Almost no effect on long-term rental markets
Second, contrary to expectations, the regulations had little impact on the availability and pricing in the long-term rental market, suggesting that the assumed benefits of such policies might be overestimated.
Even if, quite unrealistically, all exits from the short-term rental market, including those of occasional non-targeted Airbnb properties, triggered a one-to-one rise in the number of properties used for long-term residential purposes, the total increase would still be small relative to cities’ housing needs. Effects of the studied short-term rental regulations and long-term rental prices are close to zero.
Lack of enforcement
Third, we found that while some targeted hosts left the market in response to the regulation, the average number of reservation days of remaining hosts did not shift substantially after the implementations of the day caps. This observation suggests that targeted hosts who remained in the market were non-compliant with the short-term rental regulation, renting out their properties for more days than allowed. Indeed, a significant portion of hosts did not comply with the regulations, highlighting challenges in enforcement and the effectiveness of these rules.
Figure 1: Distribution of annual reservation days per property in Munich (2017, 2018, 2019)
Note: For more information, see the authors’ accompanying paper in the Journal of the Academy of Marketing Science.
For example, in Munich the distribution of reservation days is strikingly similar across the years 2017 (the year before short-term rentals were capped at 56 days per year) as well as in 2018 and 2019 (see Figure 1). In 2019, the number of active Airbnb properties in Munich declined, but it is mainly properties with fewer than 56 reservation days that dropped out of the market. Consequently, the share of properties that did not comply with the regulation increased to 46.6%.

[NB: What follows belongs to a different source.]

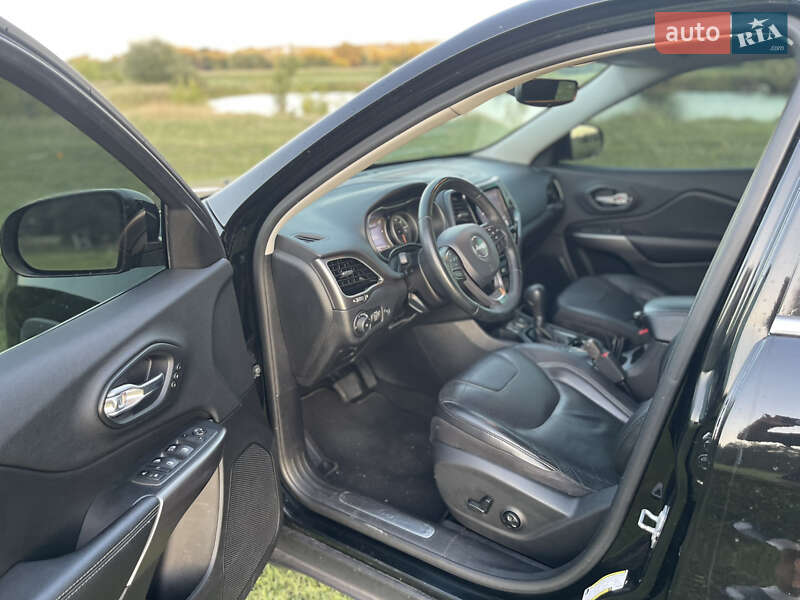 Внедорожник / Кроссовер Jeep Cherokee 2019 в Белой Церкви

A negative net welfare effect
Finally, the regulations had mixed impacts across different groups, with minimal benefits to residents and considerable disadvantages for hosts, guests, and the platform provider.
Our findings paint a complex picture of the short-term rental landscape. On the one hand, residents see little to no improvement in their long-term housing situations, challenging the primary goals of the regulations to protect resident welfare and housing availability.
On the other hand, guests face a moderate decline in welfare because of slightly higher prices and fewer choices, diminishing the appeal of platforms like Airbnb. Hosts are hit hard by reduced earnings (between 9.02% and 46.30% depending on the city in focus). As the short-term rental platform participates in hosts’ revenues through a fee system, the regulation-induced reduction in hosts’ revenues directly translates into a reduction in the revenues of the platform challenging the business model of home-sharing platforms.
Given that the overall welfare effects of day caps are likely to be negative, current regulatory approaches for short-term rentals require critical reevaluation. Simple day caps do not adequately balance community needs, housing availability and economic opportunities. As cities continue to navigate the challenges of the sharing economy, the welfare of various stakeholders – residents, hosts, guests and platform providers – must be considered to ensure a sustainable urban development and the future of the sharing economy.